(Beginning of INPUT DATA)
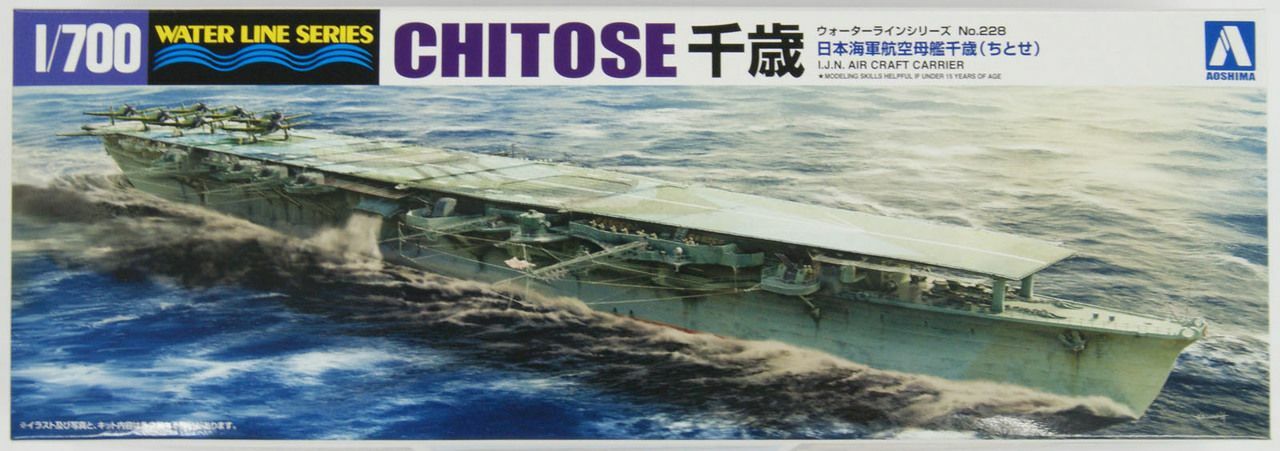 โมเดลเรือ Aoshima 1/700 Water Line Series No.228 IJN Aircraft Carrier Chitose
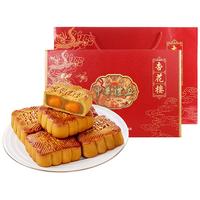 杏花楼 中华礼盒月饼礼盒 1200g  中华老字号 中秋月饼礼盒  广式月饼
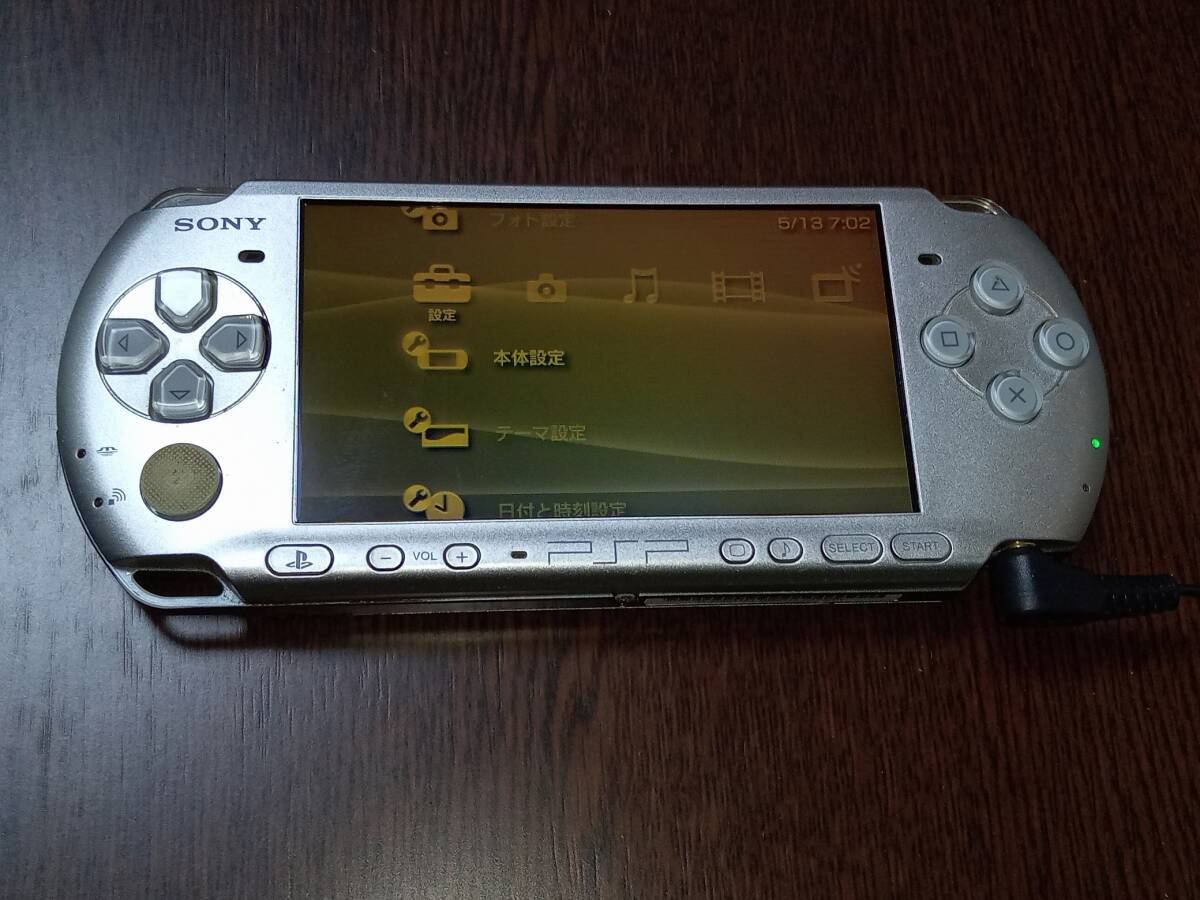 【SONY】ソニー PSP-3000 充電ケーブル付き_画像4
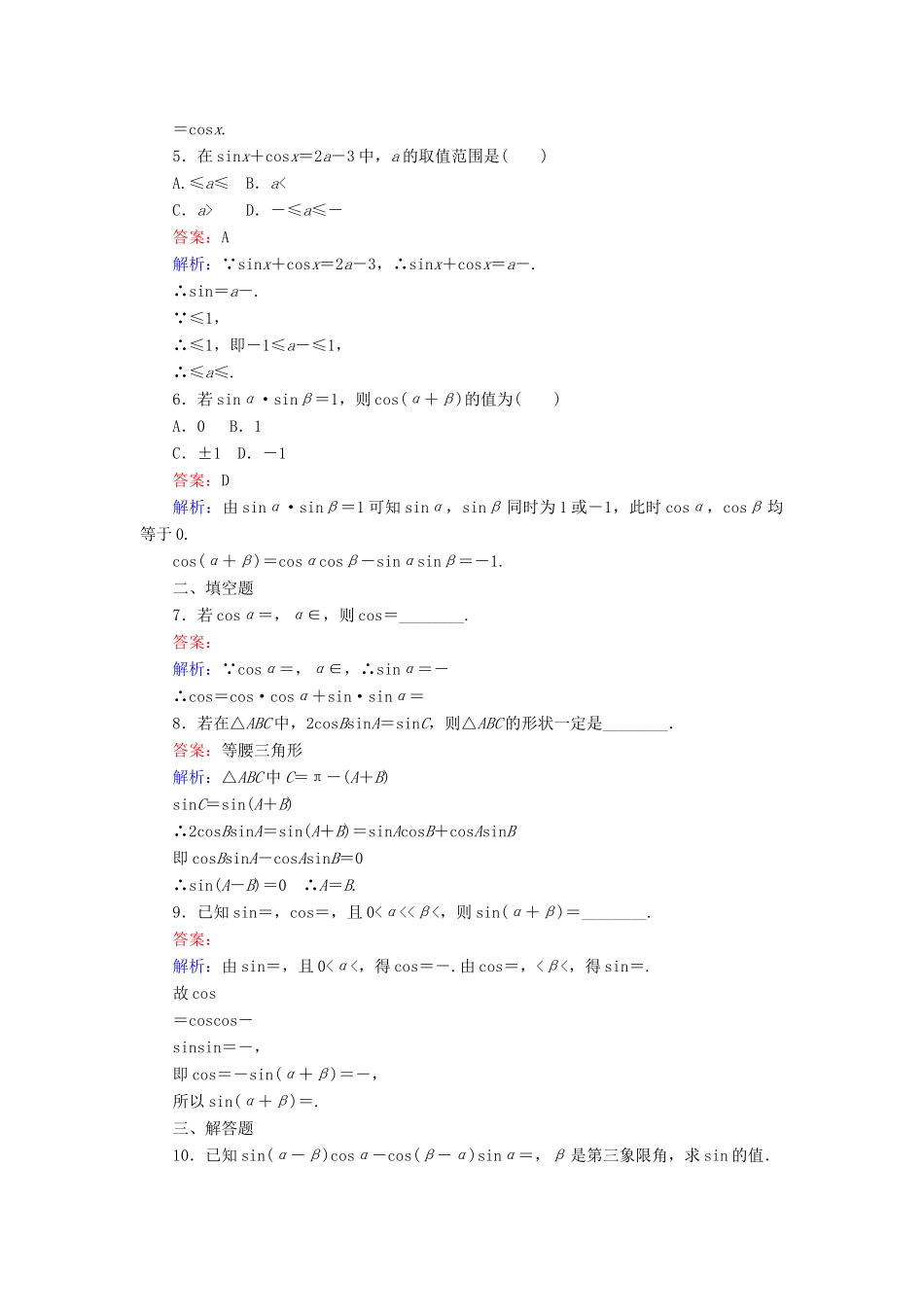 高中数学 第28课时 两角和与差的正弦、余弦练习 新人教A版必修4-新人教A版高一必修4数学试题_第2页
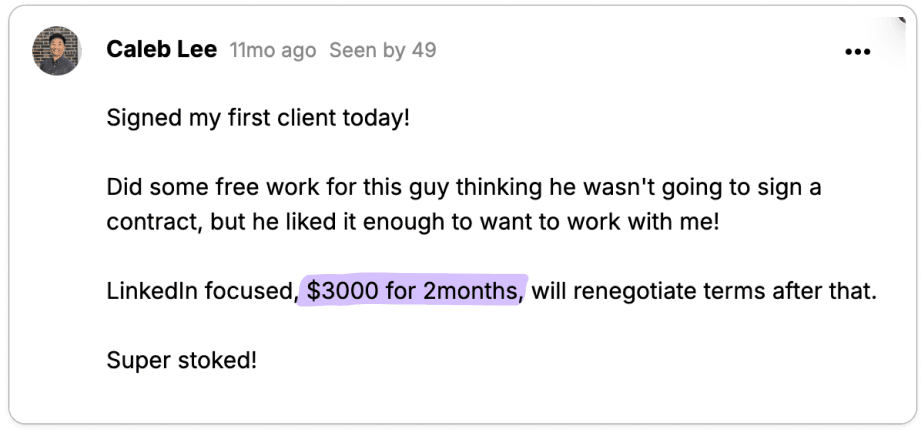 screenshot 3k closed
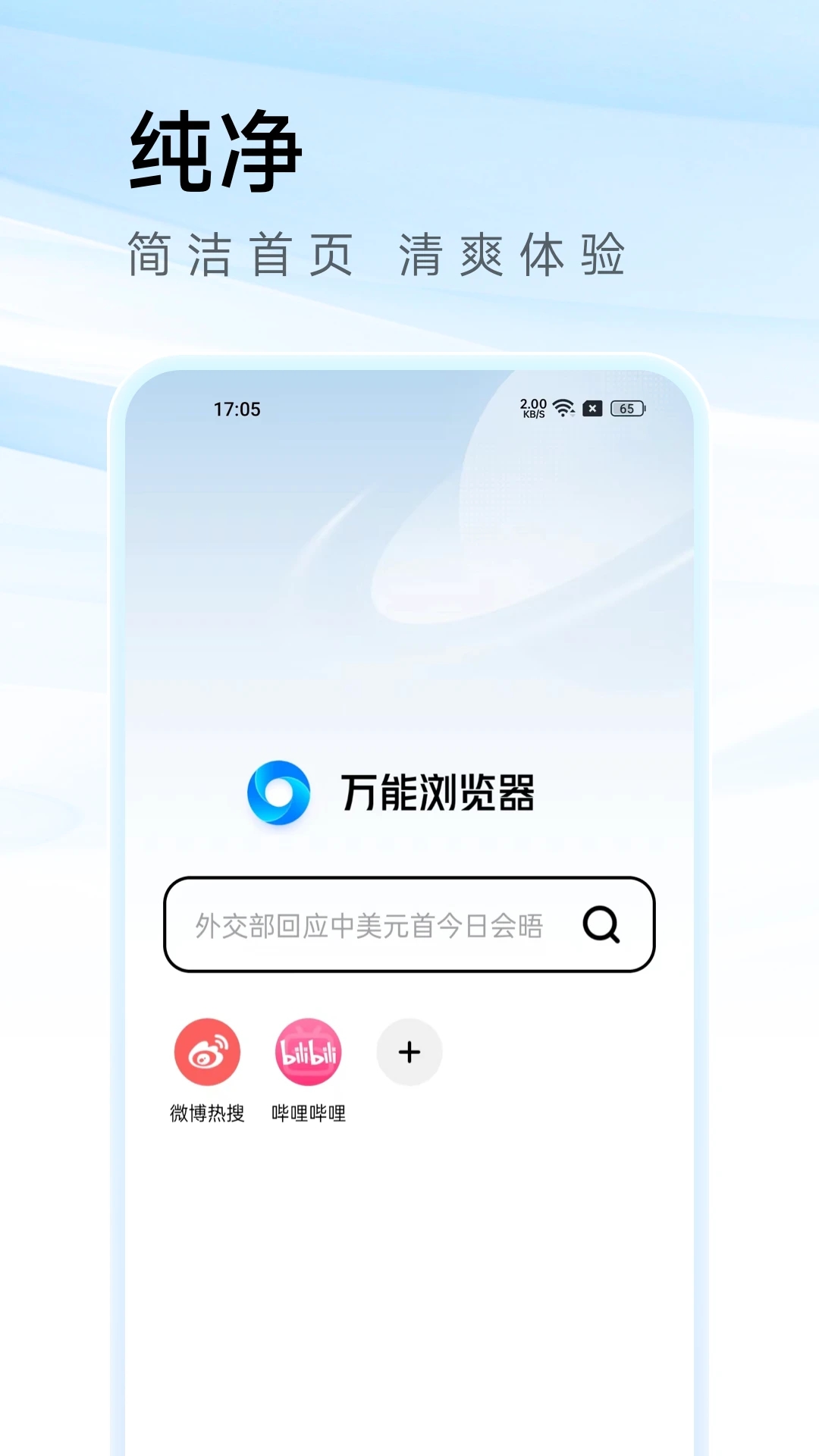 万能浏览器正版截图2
(End of INPUT DATA)
TASK:
Reprint the entries above exactly, images removed.

FINISHED TASK:
 โมเดลเรือ Aoshima 1/700 Water Line Series No.228 IJN Aircraft Carrier Chitose
 杏花楼 中华礼盒月饼礼盒 1200g  中华老字号 中秋月饼礼盒  广式月饼
 【SONY】ソニー PSP-3000 充電ケーブル付き_画像4
 高中数学 第28课时 两角和与差的正弦、余弦练习 新人教A版必修4-新人教A版高一必修4数学试题_第2页
 screenshot 3k closed
 万能浏览器正版截图2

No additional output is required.